It’s not just your garden. Colors seem to fade from everything around us – our interiors, our streets, even our children’s toys. But why do we actually think beige is better?
It started, like any great revolution, on Instagram. Someone shared a video of her trip to the Cinque Terre, the famous World Heritage site along the Italian coast. “The colors aren’t quite as bright as advertised, and it’s ridiculously busy here.” One more pass and we end up in Mexico, where the holiday maker is not allowed to wear sunscreen so that the protected reef does not increase the bleaching. Behind my screen and behind the fence, the neighbor is standing with his hands on his hips blues Gazing. “I know he doesn’t let me spray, but that’s still very sad.”
The world is getting duller, not just because time, tides, and climate are resisting the pigment. Colorless has become a conscious choice, that proves study By data scientist Cath Solomon. I searched the archives of many British science museums, examining more than 7,000 objects every day, such as a clock, typewriter, scale and telephone, to see how their color and shape had changed over the past two hundred years. She poured her findings into an infographic that is now eagerly shared online.
On the left, where the old things are summed up, it is noticeable how the earthy tones of the leather, wood and metal used predominate, developing in the middle to colored plastic and later extinguishing and becoming increasingly gray, over which emblems scream. “Over the years, our instruments have become more gray and more rectangular,” was the dry conclusion of the Science Museum collection.
Sheehan Quirk, who runs the popular Twitter account The Cultural Tutor, took a closer look at Solomon’s work and showed, in a viral thread, infographics of how our cars, carpets, clothes, paints and walls are painted. Even from McDonald’s over the years it has evolved into a palette of gray, beige and green.
On Tiktok, American librarian Hayley DeRochi, under the pseudonym @sadbeige, battles faded children’s clothes and things she encounters online. Shows kids party movies with beige bouncy castles, beige flag garlands and beige birthday crowns.
Part of the reason beige is so ubiquitous is that it fits seamlessly with the minimalist Japandi (Japan and Scandinavia) trend that has dominated our interiors and wardrobes. But our fascination with dullness is more than just a trend, emphasizes furniture designer, interior designer and teacher at the University of Antwerp Axelle Vertommen. “In principle, color began to rise again in interior design, but it is true that during the twentieth and twenty-first centuries less and less colors were used. I saw it, for example, at the Milan Furniture Fair – different brands presented colorful items, But each swatch was in white or beige.”

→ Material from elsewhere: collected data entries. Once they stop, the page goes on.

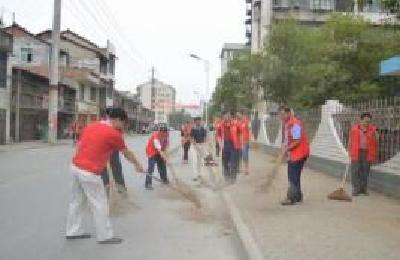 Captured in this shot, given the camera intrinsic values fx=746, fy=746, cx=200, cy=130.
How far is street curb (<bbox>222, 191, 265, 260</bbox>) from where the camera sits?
320 inches

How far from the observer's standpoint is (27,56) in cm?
6569

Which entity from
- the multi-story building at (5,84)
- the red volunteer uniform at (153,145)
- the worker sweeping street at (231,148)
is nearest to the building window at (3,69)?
the multi-story building at (5,84)

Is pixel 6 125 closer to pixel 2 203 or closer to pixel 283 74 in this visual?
pixel 283 74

An important reason, says Vertommen, is black and white photography, which defines our image, for example, of modern architecture. While these buildings often have colorful accents such as a pillar or under a canopy they are lost in the limited pixels of the visual culture of the time. As a result, we often associate the great masters of architecture with whitewashed buildings, and thus streamlined paintings, with superior aesthetics. This misconception actually dates back to antiquity, as art historian Jacqueline Lichtenstein writes in her book color eloquence (1993). For example, the Greeks, as masters of good taste, are always identified with white marble, while historians and modern technologies have shown that those statues, and even the Parthenon, at that time were most likely covered with bright pigments, shades fading with oxidation and dust. Thus, Renaissance artists, drawing on these ancient images, spread the idea that artistic development equates to line, not color, and that high-quality art does not need color as a distraction. Scottish artist and color analyst David Batchelor calls this phenomenon “chromophobia.” “The West associates color with difference, excess, with other cultures, femininity, vulgarity and absurdity,” he wrote in his book of the same name.
Color above all full bowl Personal. Not neutral. For this reason, real estate agents often advise people not to use bright colors in their interiors, so that potential buyers are not put off by their inability to visualize themselves in this home. Therefore, the difficult choice of color contrasts with the dull narrow security of broken white that “beautiful and easy” can be combined with everything.
“People often love the color, but don’t dare choose it because they are afraid the color is too dominant,” Vertumin says. “While there are also many soothing colors. Just look at nature, flowers, pottery, or oxidized copper. The colors shouldn’t scream, though I let them. Also, is there anything more difficult than an all-white space?”